Despite a campaign promise do away with partisan attack ads, in March, the BC NDP party was called out for a series of radio ads slamming BC Liberal leader Andrew Wilkinson for working for the richest two per cent. 

“The Liberals have responded by saying, ‘Oh, the flood gates have opened,’ and they've just taken it to a whole new level,” said Weaver.

 

Shortly after the radio ads aired, Weaver said he raised his concerns with Horgan in one of their weekly Wednesday meetings and received assurances that it wouldn’t happen again. 

Weaver is now calling for a firewall between caucus funds and partisan ads, and has dispatched Green house leader Sonya Furstenau to take the issue to the Legislative Assembly Management Committee, the body that overseas the legislature’s finances.

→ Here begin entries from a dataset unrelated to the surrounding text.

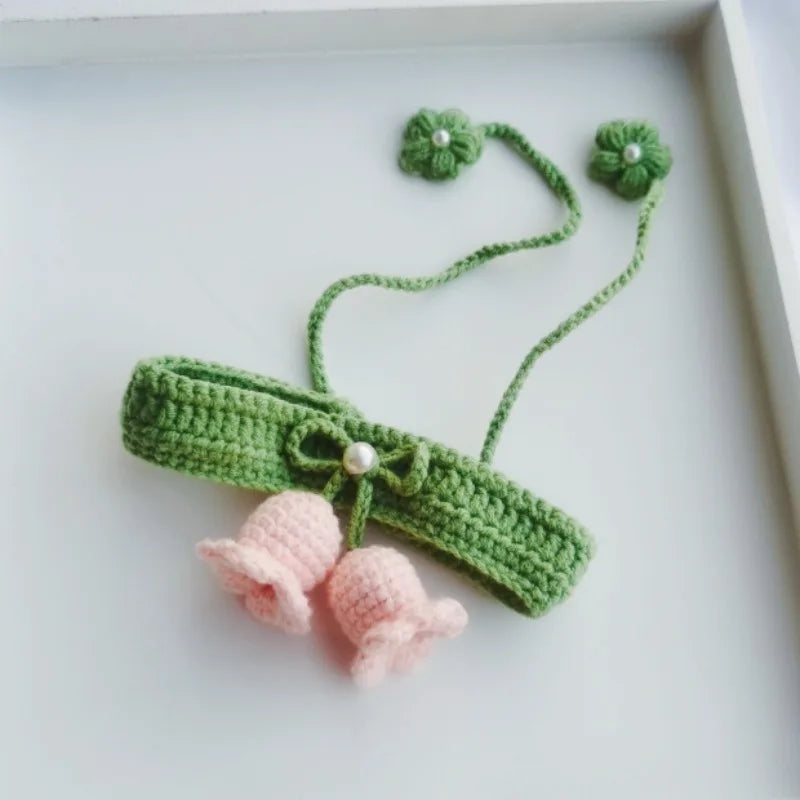 Small Pet Collar Knitted Double-Layer Cherry Cat Necklace Elastic Soft Dog Bibs Pet Scarf Cute Pet Accessories
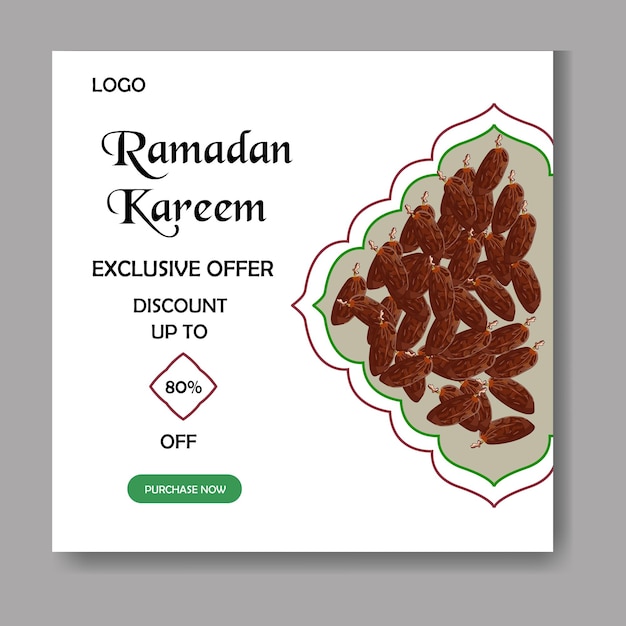 Vector ramadan sale social media post design vector illustration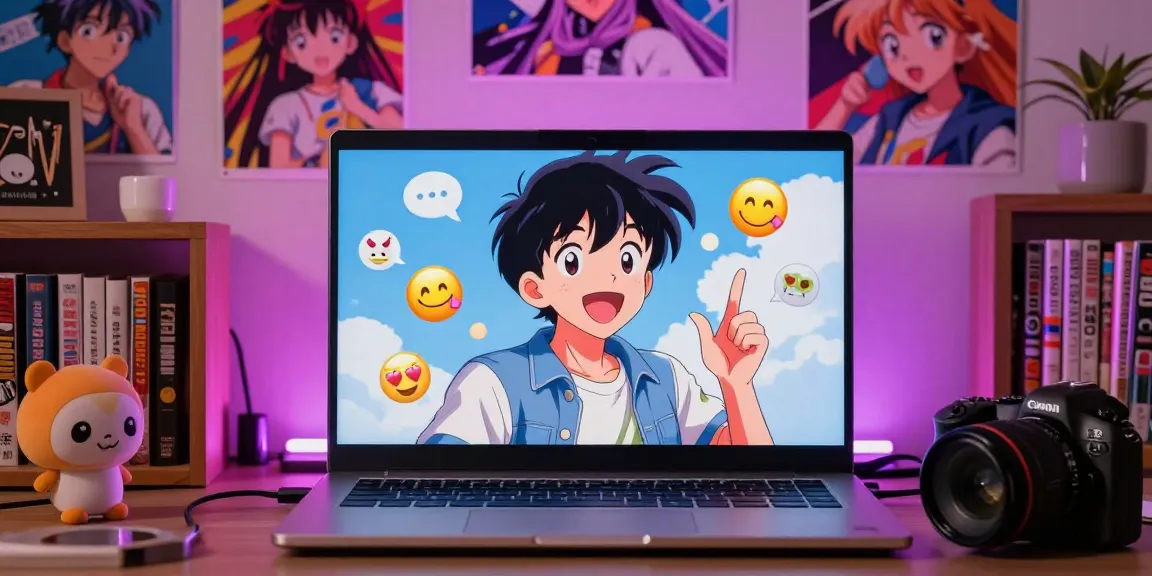 A lively hentai chat scene featuring an animated character engaging joyfully on a laptop with playful emojis, illustrating an interactive virtual experience.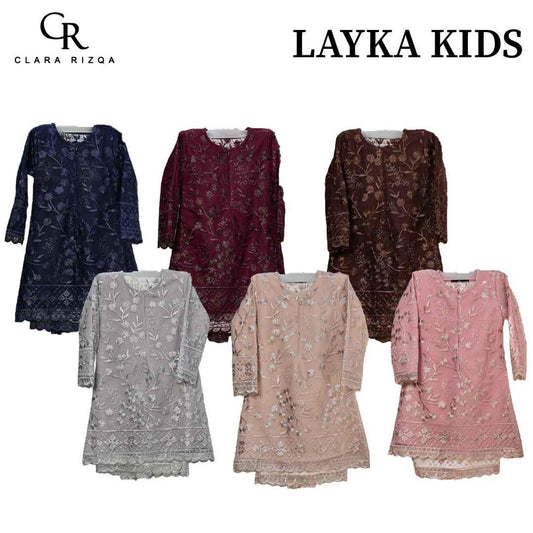 CLARA RIZQA - LAYKA baju kurung muslimah kids material premium como crepe + Lace
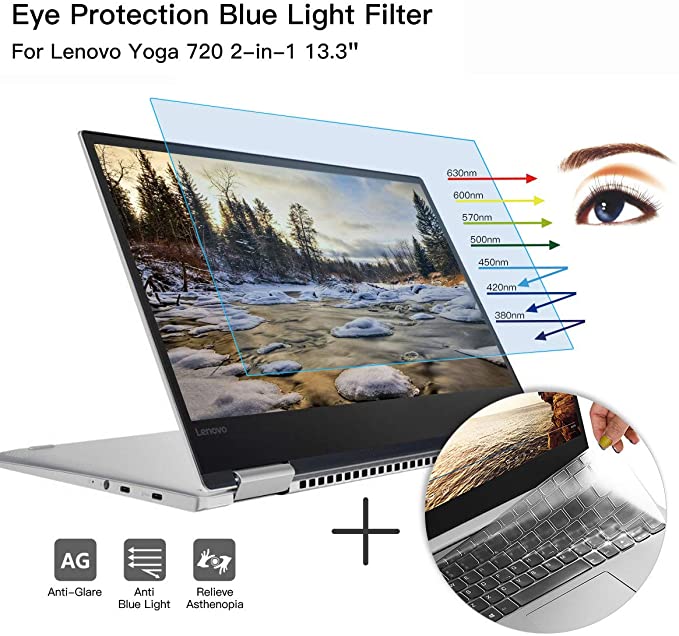 CaseBuy Anti-Glare Screen Protector Eye Protection Blue Light Filter for Lenovo Yoga 720 2-in-1 13.3 Inch & Ultra Thin TPU Keyboard Cover Accessories for Yoga 720 13.3"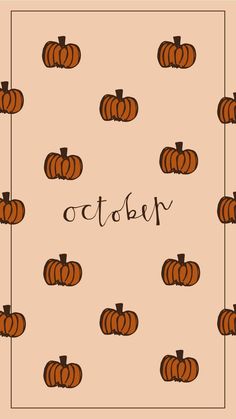 an orange and brown pattern with pumpkins on it, the words october written in russian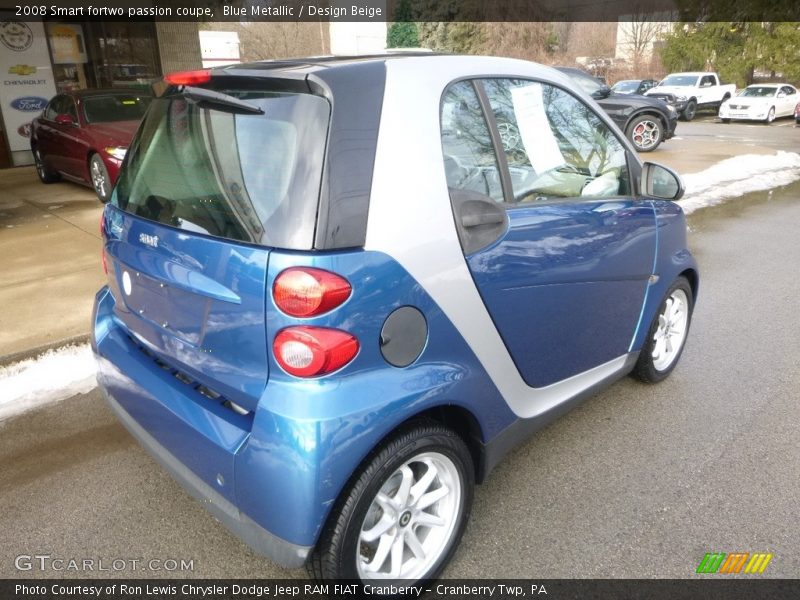 Blue Metallic / Design Beige 2008 Smart fortwo passion coupe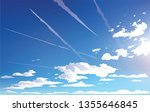 vector landscape sky clouds.... | Shutterstock .eps vector #1355646845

But the committee is made up of representatives from all three parties, and if coming to a consensus on the limits of caucus fund spending wasn’t hard enough, the committee — and the legislature as a whole — is also preoccupied with the fallout from the spending scandal involving the legislature’s former sergeant-at-arms and clerk, as well as the ongoing revelations around money laundering.   

All the more reason, said Weaver, for the three parties to boost transparency around partisan spending before the public’s confidence dips even lower.

“We're in positions of authority and we've been given the privilege of operating with funds that the taxpayer provided us and it behoves us to be responsible in the use of those funds,” he said.